Intrinsic growth heterogeneity of mouse leukemia cells underlies differential susceptibility to a growth-inhibiting anticancer drug.

Cancer cell populations consist of phenotypically heterogeneous cells. Growing evidence suggests that pre-existing phenotypic differences among cancer cells correlate with differential susceptibility to anticancer drugs and eventually lead to a relapse. Such phenotypic differences can arise not only externally driven by the environmental heterogeneity around individual cells but also internally by the intrinsic fluctuation of cells. However, the quantitative characteristics of intrinsic phenotypic heterogeneity emerging even under constant environments and their relevance to drug susceptibility remain elusive. Here we employed a microfluidic device, mammalian mother machine, for studying the intrinsic heterogeneity of growth dynamics of mouse lymphocytic leukemia cells (L1210) across tens of generations. The generation time of this cancer cell line had a distribution with a long tail and a heritability across generations.

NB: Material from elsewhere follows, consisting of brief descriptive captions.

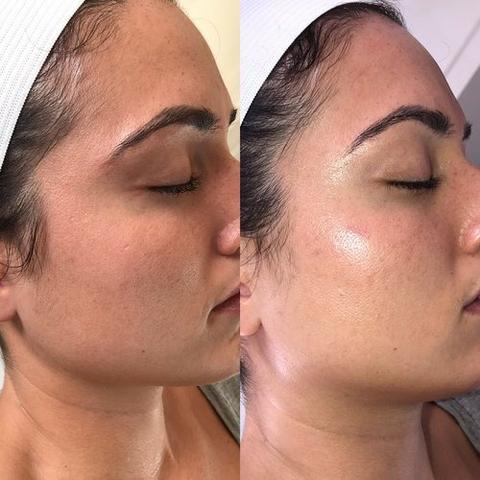 Dermaplaning Facial!! Pele de Seda! - Foto 6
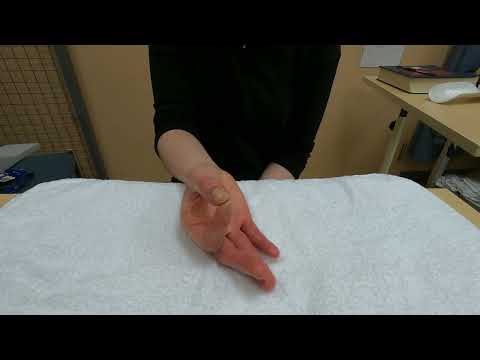 Hand injury exercise 14: Active thumb opposition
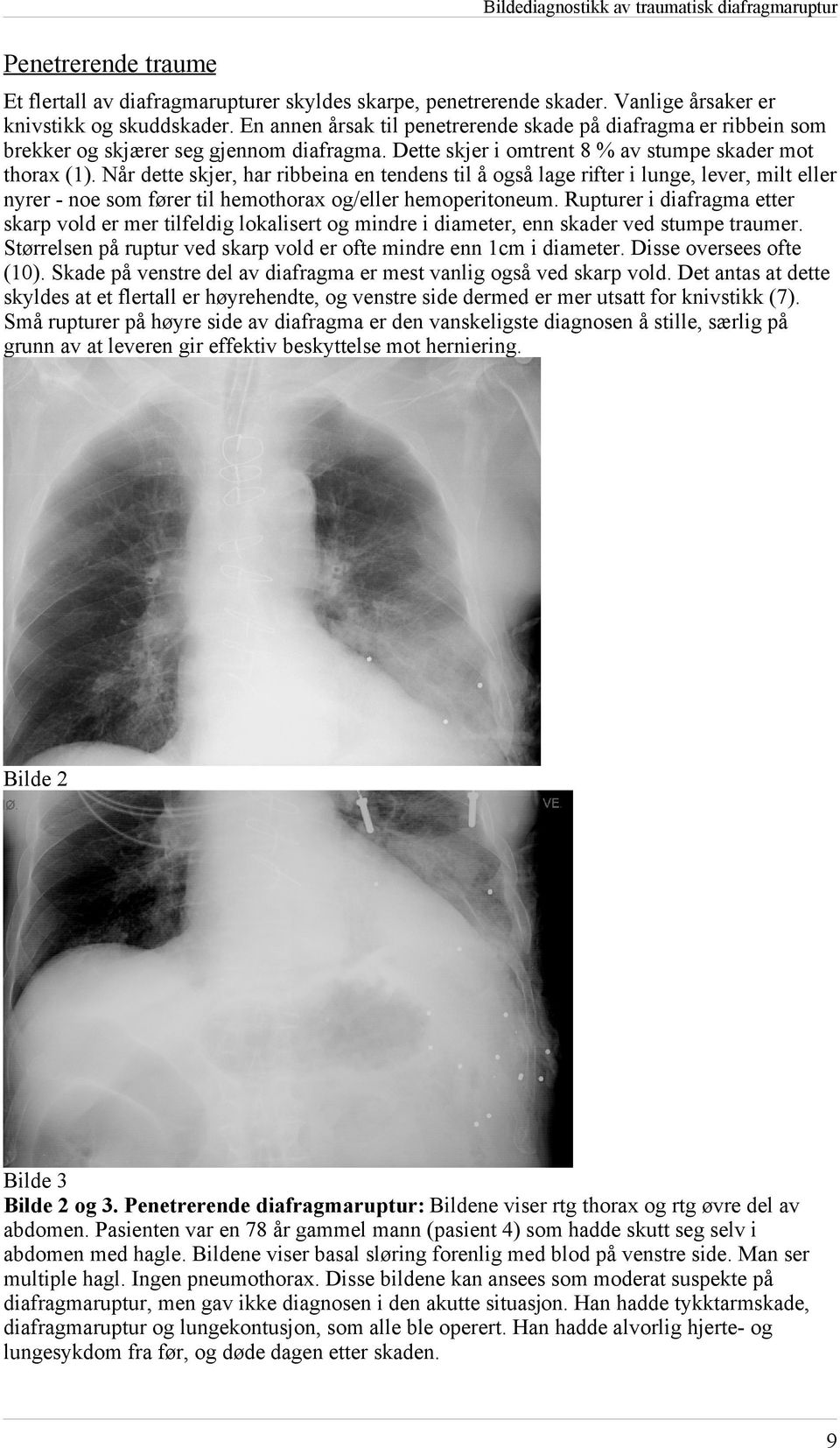 Når dette skjer, har ribbeina en tendens til å også lage rifter i lunge, lever, milt eller nyrer noe som fører til hemothorax og/eller hemoperitoneum.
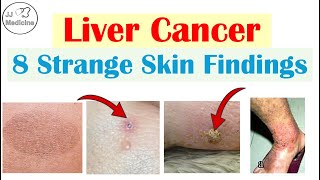 Before the Diagnosis: 8 Skin Findings Linked to Liver Cancer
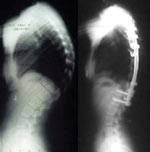 Scheuermann�s Disease: A Poorly Understood Abnormality of the Adolescent Spine - Copyright – Stock Photo / Register Mark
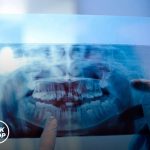 Жителям Калмыкии рассказали, как правильно ухаживать за зубными имплантами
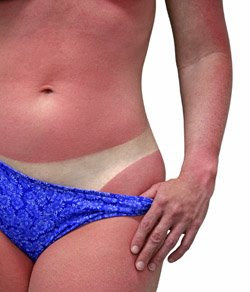 Home Remedies for Sunburn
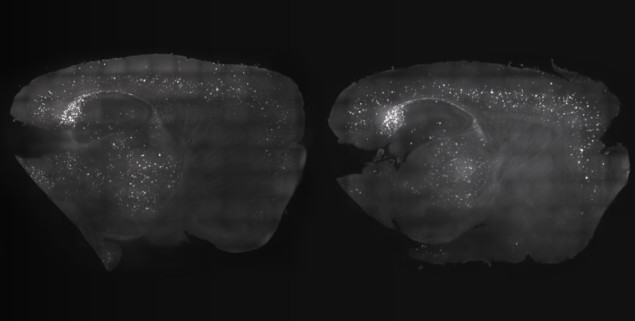 Reducing amyloid plaques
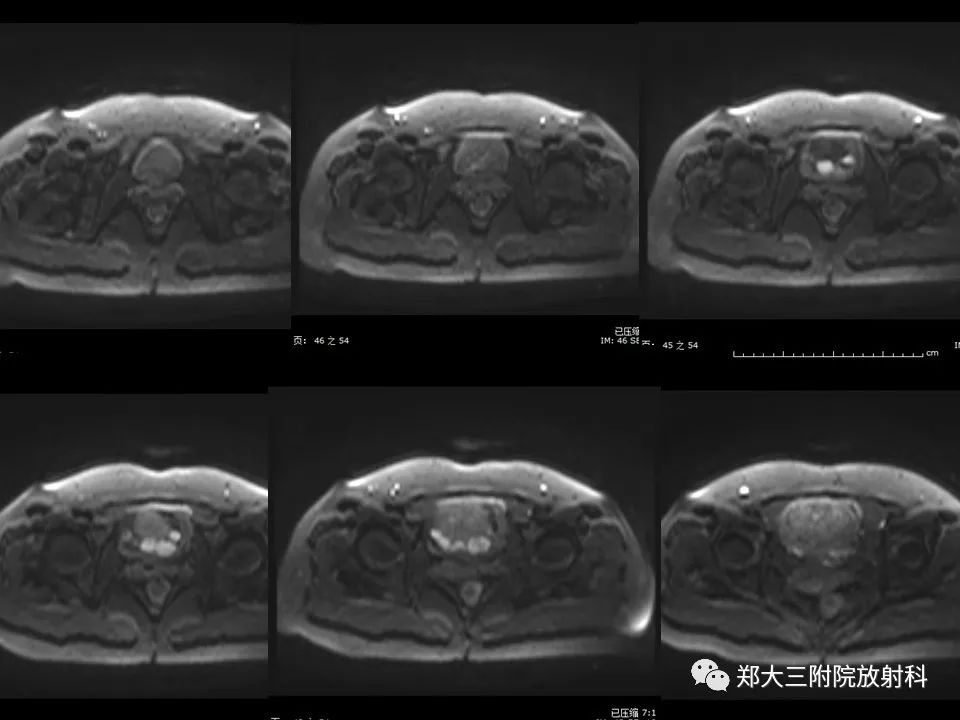 【病例】一例有内膜癌的子宫腺肌症MR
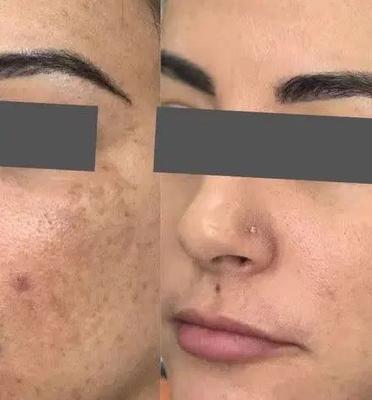 پک کرم و صابون ضدلک و روشن کننده صورت اصل در یاسوج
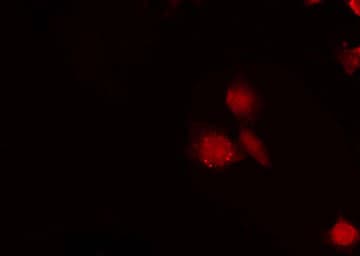 RBM6 / 3G2 Antibody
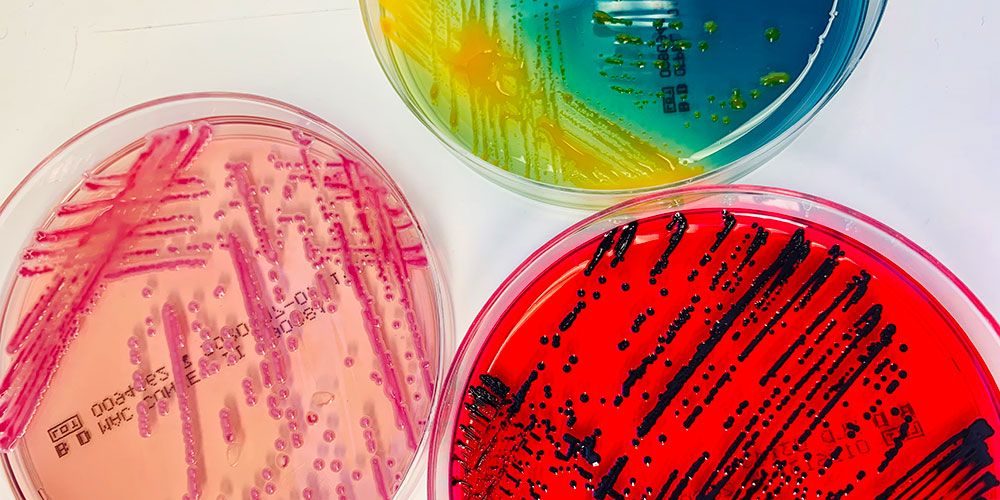 Über dreissig neue Bakterienarten in Patientenproben entdeckt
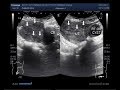 Ultrasound Video showing multiple masses in the uterus & Ovarian cyst.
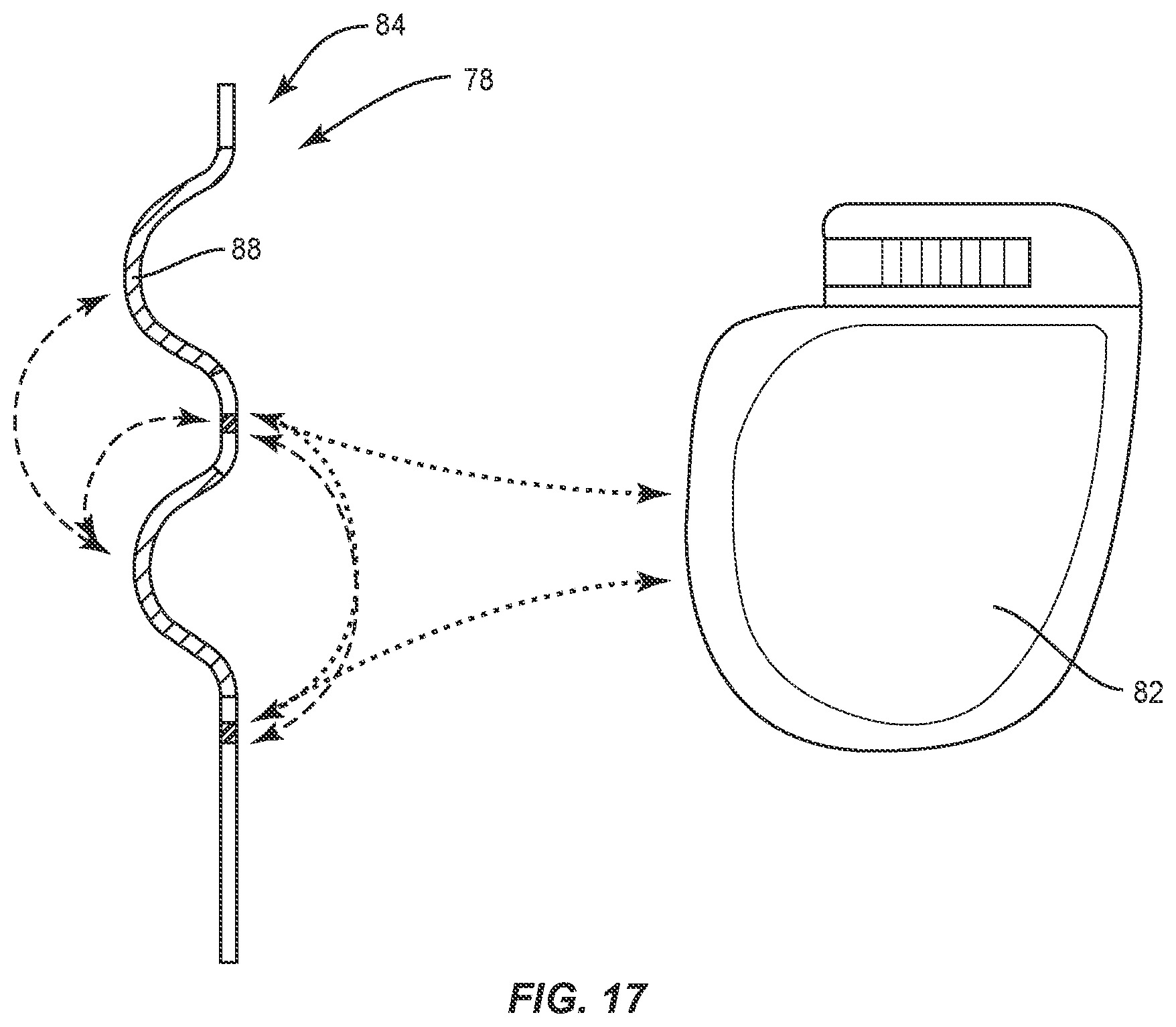 Patent US12137924 Figure 12 – Surgical system and methods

We determined that a minority of cell lineages exist in a slow-cycling state for multiple generations. These slow-cycling cell lineages had a higher chance of survival than the fast-cycling lineages under continuous exposure to the anticancer drug Mitomycin C. This result suggests that heritable heterogeneity in cancer cells' growth in a population influences their susceptibility to anticancer drugs.